Mit dem Vortrag wurde mit hoher Selbstverständlichkeit etwas demonstriert, das in anderem Zusammenhang als Filterblase bezeichnet wird. Eine solche Filterblase zeichnet sich dadurch aus, dass ihre "Bewohner" Weltbeschreibungen mit hoher Selbstverständlichkeit als stringent ansehen, die aus einer äußeren Betrachtungsperspektive wirklichkeitsfremd erscheinen, da sie einfacher Empirie nicht standhalten. Die spezifischen selbstreferentiellen Kommunikationszusammenhänge in der Filterblase führen jedoch dazu, dass die inneren "Selbstverständlichkeiten" verstärkt und die externe Kritik marginalisiert werden.

Beide Momente wurden im Vortrag deutlich. Einem extrem holzschnittartigen KI-Bild stand ein ausgefeiltes sprachtheoretisches Konzept gegenüber, das für eine Beweisführung herhalten sollte, dass "überspitzte Ängste vor KI" unbegründet seien.

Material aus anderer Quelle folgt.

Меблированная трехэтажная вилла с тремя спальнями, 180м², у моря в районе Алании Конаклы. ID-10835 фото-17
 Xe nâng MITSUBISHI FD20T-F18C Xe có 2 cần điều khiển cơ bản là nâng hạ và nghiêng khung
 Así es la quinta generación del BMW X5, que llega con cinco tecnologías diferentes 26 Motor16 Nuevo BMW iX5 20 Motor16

Die Überzeugungskraft einer Argumentation, die bereits von falschen Prämissen ausgeht, ist allerdings gering.

So einfach ist es jedoch nicht, denn als falsche Prämissen erscheinen die Vorstellungen zur KI nur aus der Außenperspektive der Filterblase, nicht aber aus der Innenperspektive. Dummerweise war der Vortragende diesmal allein in seiner Filterblase, während er sonst in der Filterblase gelehrte Gespräche auf genau diesem Argumentationslevel mit anderen "Bewohnern" führen kann. Bilder zu Menschen in Filterblasen zu transportieren ist allerdings ein komplexes Unterfangen. So würden es die Eskimos schwer haben, uns in unserer "mitteleuropäischen Filterblase" ihre Erfahrungen und Bilder über Schnee zu vermitteln, weil uns schlicht die sprachlichen Mittel fehlen, dies in unserer eigenen Sprache auszudrücken. Ebenso schwer ist es für die Informatiker, den Philosophen in ihrer "Filterblase" etwas über die Tücken neuronaler Netze zu vermitteln und die Schwierigkeiten zu erläutern, die sich bei deren "Training" ergeben.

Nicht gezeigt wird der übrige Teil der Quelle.